As noted in the discussion of the ground substance, ascorbic acid deficiency, besides affecting cholesterol metabolism, also seriously deranges collagen. This is a morphological hall-mark consistently associated with scurvy. There are other reasons for fatty liver apart from scurvy; were it not for the association of the characteristic damage to the hepatic reticulum scurvy produces, it would be difficult or impossible to morphologically distinguish the contribution, if any, of scurvy to these other instances of fatty liver. Fig 3 (a) shows normal hepatic reticulum in the guinea pig, while Fig 3 (b) shows the fragmenting effect upon it of ascorbic acid deprivation. This disintegration is not restored to normal with ascorbic acid replacement, thus making reticular disintegration a permanent marker of hepatic scurvy, past or present (1).
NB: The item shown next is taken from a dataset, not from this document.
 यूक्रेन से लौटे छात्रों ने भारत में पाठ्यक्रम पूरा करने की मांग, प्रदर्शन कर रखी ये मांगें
The healing of post- necrotic scarring of the liver, whatever its cause, is followed by fibroblastic scar formation. The reticulum involved in scar has the appearance of matted hair. Fig 3 (b) shows this reticulum scar following ascorbic acid treatment of patchy scurvy- induced hepatic necrosis such as in Fig 3 (a). Ascorbic acid is unable to restore the original architecture. When post-necrotic scarring is related to ascorbic acid depletion, the rest of the reticulum will show the tell-tale reticulum disintegration of scurvy. If this disintegration of reticulum has not occurred, the post-necrotic scarring in question is not ascorbic acid related. The role of hepatic reticulum in the metabolism of cholesterol per se is obscure, and perhaps irrelevant. However as a marker that scurvy has been involved in the pathogenesis of a given case of liver disease, it has major importance.
Conclusion #2: The presence of disintegration of the hepatic reticulum in liver disease identifies ascorbic acid depletion as important in that particular hepatic pathology. This is a permanent marker, not lost when ascorbic acid is replaced. If post-necrotic scarring or fatty infiltration of the liver is not accompanied by the typical reticular disintegration shown in Fig 2 (b), there is no morphological evidence that the lesions are scurvy related.
REFERENCES
1. Willis, G.C., C.M.A.J., 76: 10, 1957
2. Ginter, E., et al, International Journal for Vitamin and Nutritional Research- Supplement 1982; 23: 137-52.
Fig 1. The liver of a guinea pig with acute scurvy. Note the hepatocytes are filled with stainable lipid. (b) Less filling of hepatocytes with lipid in another scorbutic guinea pig allows visualization of a cholesterol calculus in a bile canaliculus.
Fig 2 (a) shows hepatic necrosis in a scorbutic guinea pig. Fig 2 (b) is the reticulum staining of the same area demonstrating the typical matted hair formation of the reticulum produced by fibroblasts in the scars.
Fig 3 (a) The reticulum of a normal guinea pig liver has this architecture; its fibres are not disintegrated. Fig 3 (b) shows the typical disintegration of the hepatic reticulum in scurvy.
Fig 4 This matted hair appearance of the hepatic reticulum is what is found in all forms of post-necrotic scarring of the liver. The critical feature that declares ascorbic acid depletion to be the cause in a specific case of hepatic necrosis is the presence also of disintegration, as in 3 (b), in the rest of the hepatic reticulum.